Dataset records:
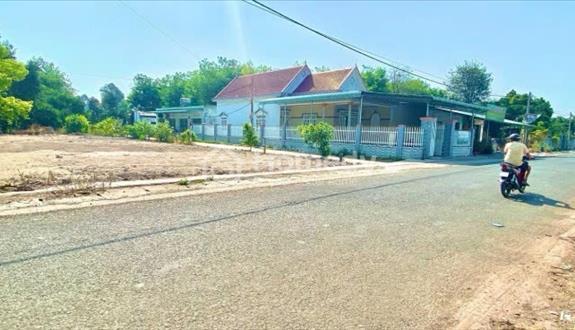 Cần bán gấp lô đất ngay tuần này giá chỉ 300tr - Ảnh 1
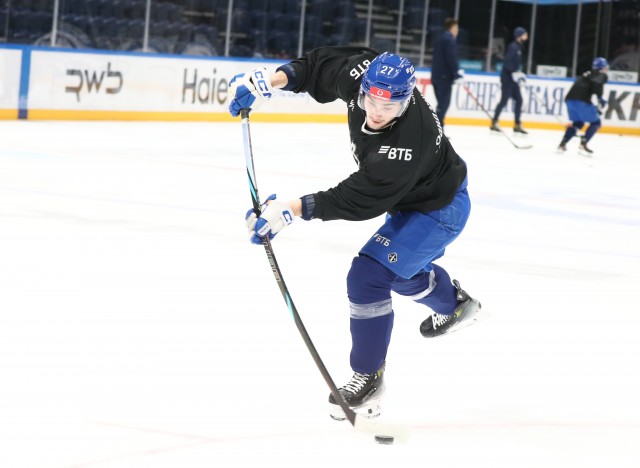 18.11.2025. Тренировка перед матчем с «Атлантом» на льду ВТБ Арены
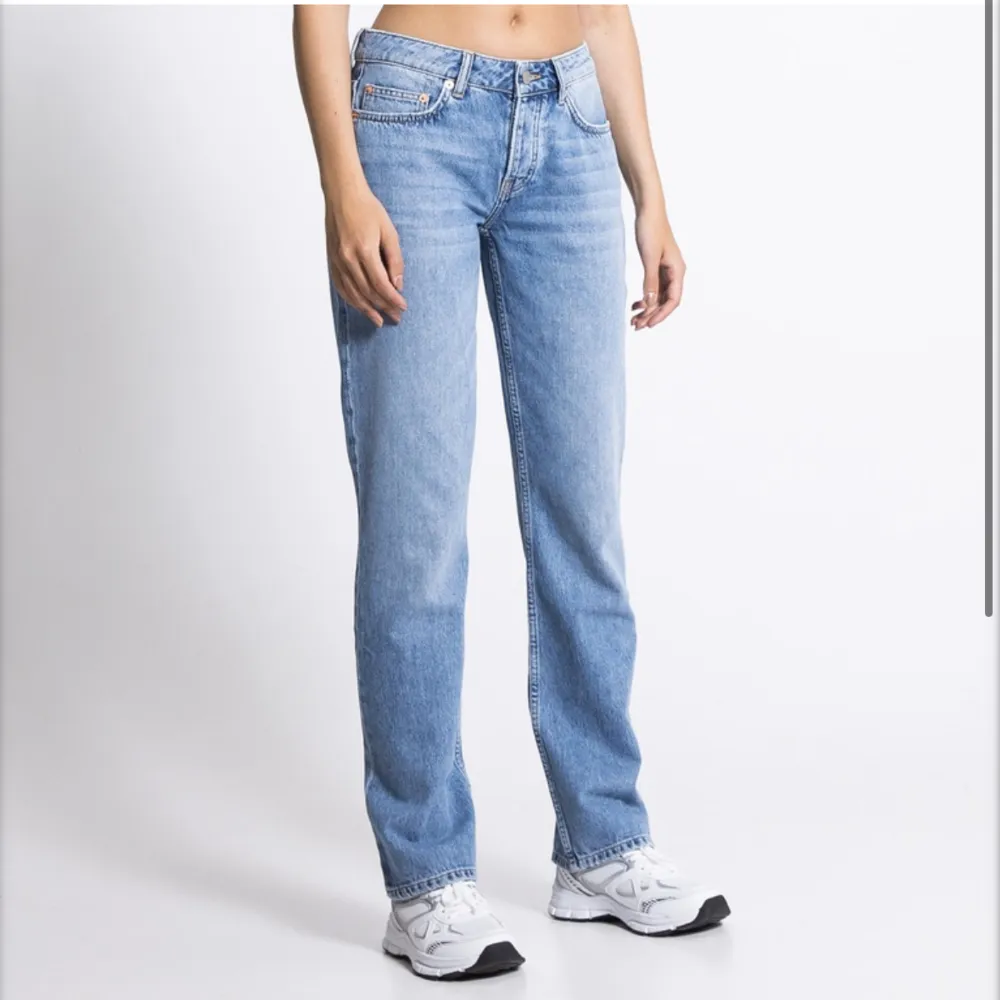 Hej hej säljer mina Low waist byxor från lager 157 då jag inte har användning för dom lika mycket dom kostar 400 men säljer för 200. Jeans & Byxor.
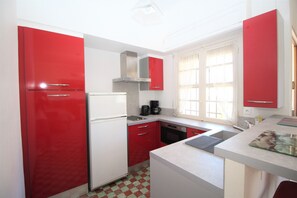 Refrigerador, microondas, horno y cafetera y tetera 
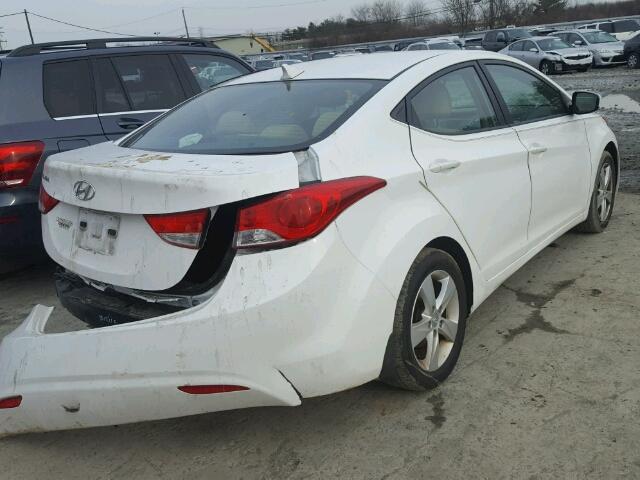 5NPDH4AE8DH274342 - 2013 HYUNDAI ELANTRA GL WHITE photo 4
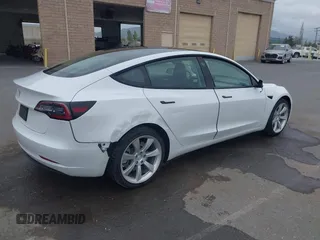2023 Tesla Model 3 z VIN 5YJ3E1EA8PF437584, wystawiony jako IAAI lot #42112679 z przebiegiem 52 574 mil mil oraz . Historia ofert i sprzedaży dostępna na DreamBid. Obrazek 4.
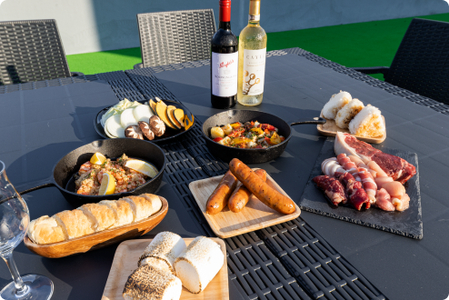 猪苗代グランピングBBQテラス グランピングプレミアムBBQ ペア利用券 全日共通 | ペアチケット 手ぶら 手ぶらBBQ テント設営不要 準備不要 気軽 キャンプ 体験 絶景 くつろぎ 休息 リフレッシュ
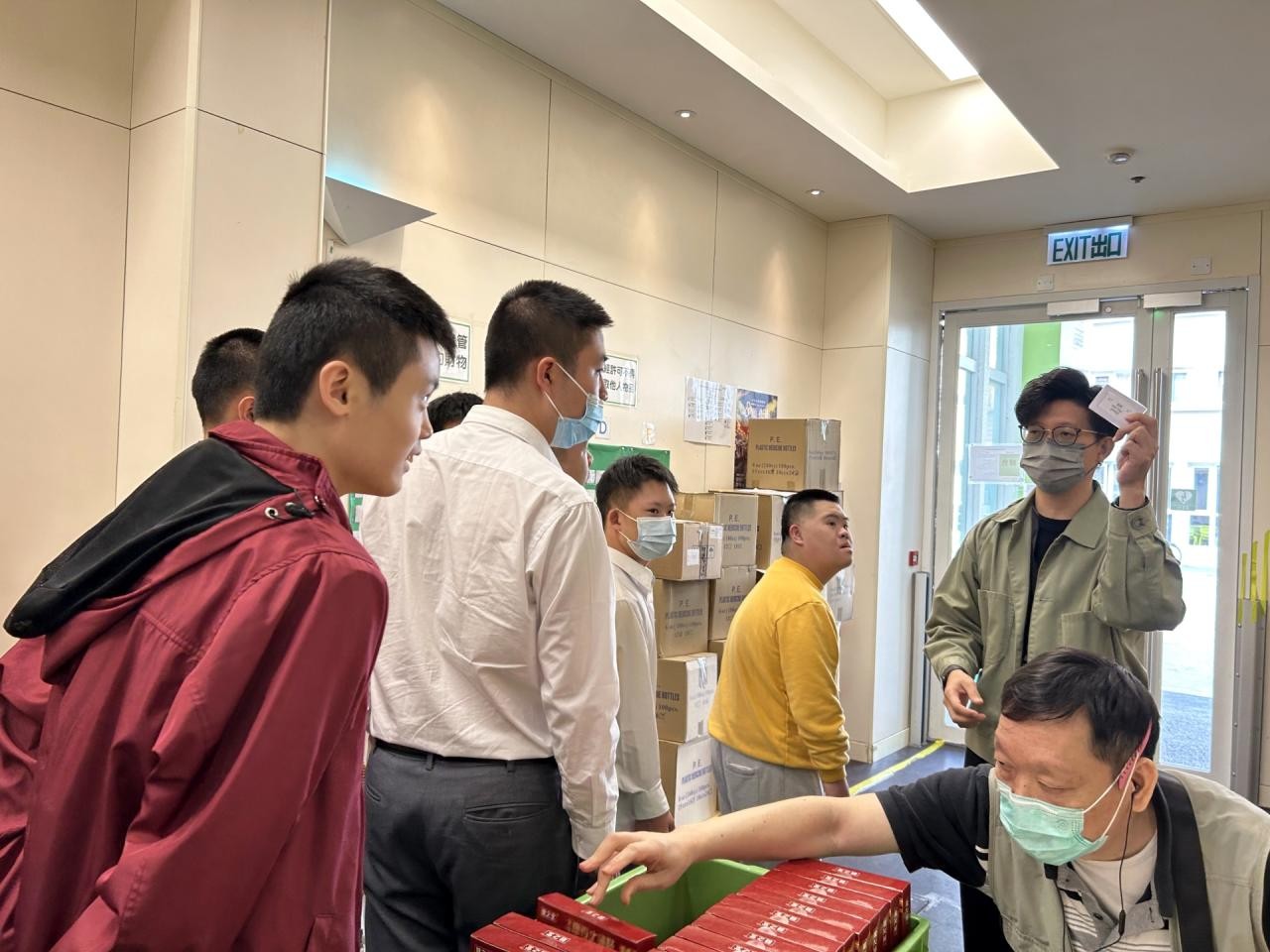 安排學校到職場參觀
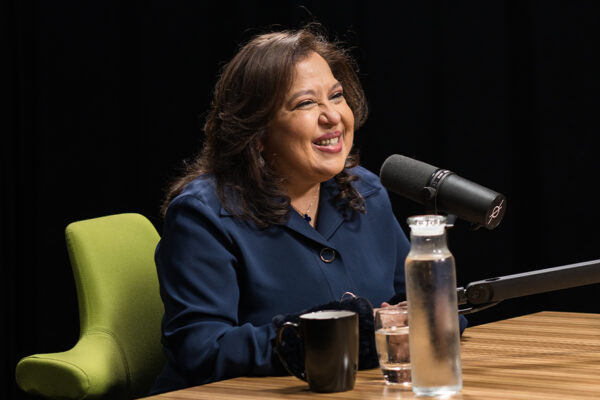 Uma Naidoo, MD_Ep840____Carousel_910x607-5 Uma Naidoo, MD_Ep840____Carousel_910x607-5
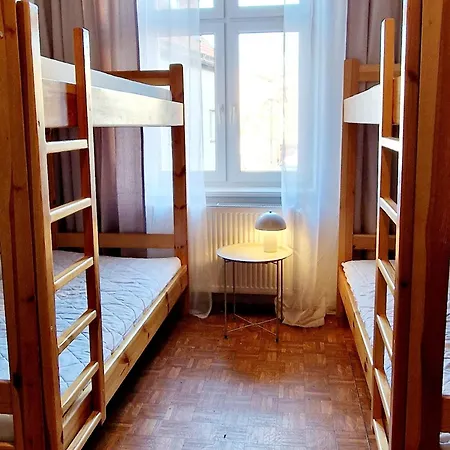 Kwatera Slowackiego - Tanie Spanie Centrum Bezplatny Parking Apartment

**Task instructions:**
Only the records themselves, retyped exactly, belong in the answer; please leave all images behind.

**Task result:**
 Cần bán gấp lô đất ngay tuần này giá chỉ 300tr - Ảnh 1
 18.11.2025. Тренировка перед матчем с «Атлантом» на льду ВТБ Арены
 Hej hej säljer mina Low waist byxor från lager 157 då jag inte har användning för dom lika mycket dom kostar 400 men säljer för 200. Jeans & Byxor.
 Refrigerador, microondas, horno y cafetera y tetera 
 5NPDH4AE8DH274342 - 2013 HYUNDAI ELANTRA GL WHITE photo 4
2023 Tesla Model 3 z VIN 5YJ3E1EA8PF437584, wystawiony jako IAAI lot #42112679 z przebiegiem 52 574 mil mil oraz . Historia ofert i sprzedaży dostępna na DreamBid. Obrazek 4.
 猪苗代グランピングBBQテラス グランピングプレミアムBBQ ペア利用券 全日共通 | ペアチケット 手ぶら 手ぶらBBQ テント設営不要 準備不要 気軽 キャンプ 体験 絶景 くつろぎ 休息 リフレッシュ
 安排學校到職場參觀
 Uma Naidoo, MD_Ep840____Carousel_910x607-5 Uma Naidoo, MD_Ep840____Carousel_910x607-5
 Kwatera Slowackiego - Tanie Spanie Centrum Bezplatny Parking Apartment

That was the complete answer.